Monday, December 23, 2013

O Holy Night

BEHIND THE SONG: O Holy Night

In 1847 Placide Cappeau (1808-1877), a French wine merchant and an amateur poet, was asked to write a Christmas poem by a local parish priest. Shortly afterwards Cappeau traveled to Paris on a business trip and about half way through his journey, he had the inspiration for the poem Minuit, Chretiens ("Midnight Christians"). When Cappeau arrived in Paris, he took it to the composer Adolphe Adam (1803-1856), a friend of a friend. Adam, who specialized in light opera, is best remembered today for the ballet Giselle. He wrote the tune in a few days and the hymn was played for the first time at midnight mass that Christmas Eve back in his home town of Roquemaure. The carol was frowned upon by church authorities, who denounced it for lack of musical taste and "total absence of the spirit of religion." Many churchmen felt that Adam, a composer of light operatic works and ballets, was an inappropriate composer of a religious song. However within a few years the carol was being translated into other languages and in 1855, an American Unitarian clergyman John Sullivan Dwight (1813-1893), the editor of Dwight's Journal of Music, translated it into English, calling it "O Holy Night."

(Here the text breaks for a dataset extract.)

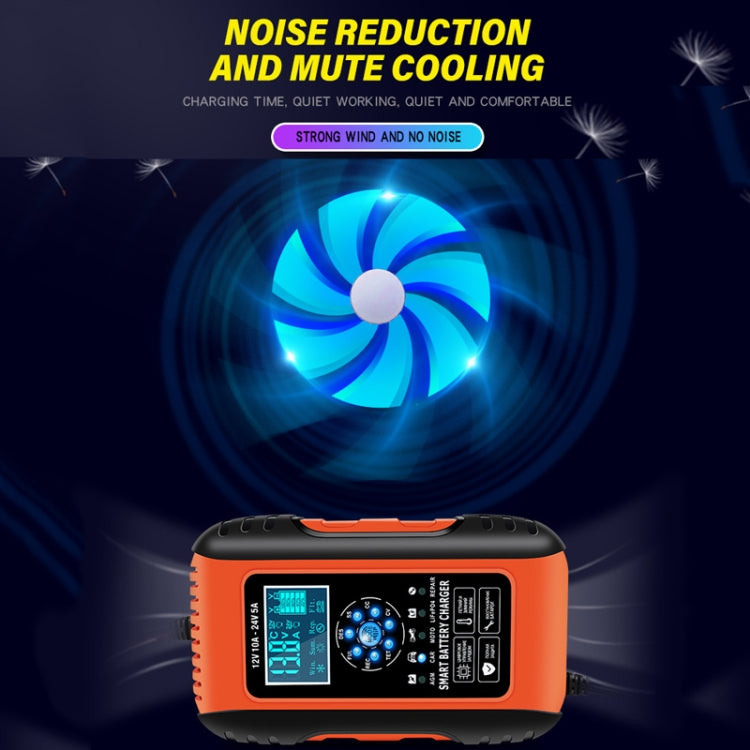 ANHTCzyx 12V/24V 6-180AH 7-Stage Smart Car Motorcycle Battery Charger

This carol has the distinction of being the first song ever to be played live on a radio broadcast. On December 24, 1906 a Canadian inventor, Reginald Fessenden, broadcast one of the first ever AM radio programs, and the first ever to feature entertainment and music for a general audience, from his Brant Rock, Massachusetts station. After playing Handel's "Largo" on an Ediphone phonograph, he proceeded to play "O Holy Night" on his violin, singing the last verse as he played. He finished the broadcast by reading various passages from the Gospel of Luke, before wishing his listeners a Merry Christmas.
In a 2006 poll of over 37,000 listeners, the British classical music radio station Classic FM voted this carol as the UK's Christmas favorite.

Clay Aiken's album Merry Christmas With Love won a Billboard Award for the Best Selling Christian Album of 2005.

In the first ever Official Carols Chart by the Official Charts Company in December 2009, it was revealed this is the most downloaded carol in the UK. Runner up was "Silent Night", followed by "Once In Royal David's City" in third place. Official Charts Company MD Martin Talbot commented: "The fact that 'O Holy Night' has beaten more familiar carols such as 'Silent Night' and 'Away In A Manger' is something of a surprise, although its success is driven by the fact that popular mainstream singers such as Celine Dion, Aled Jones and Katherine Jenkins have recorded new versions over recent years."

The carol entered the UK singles chart for the first time in 2012 with a version by the children of Ladywell Primary School in Motherwell, Scotland. Proceeds from their single went to meningitis charities and it was recorded in memory of a 6-year-old classmate who died from the illness.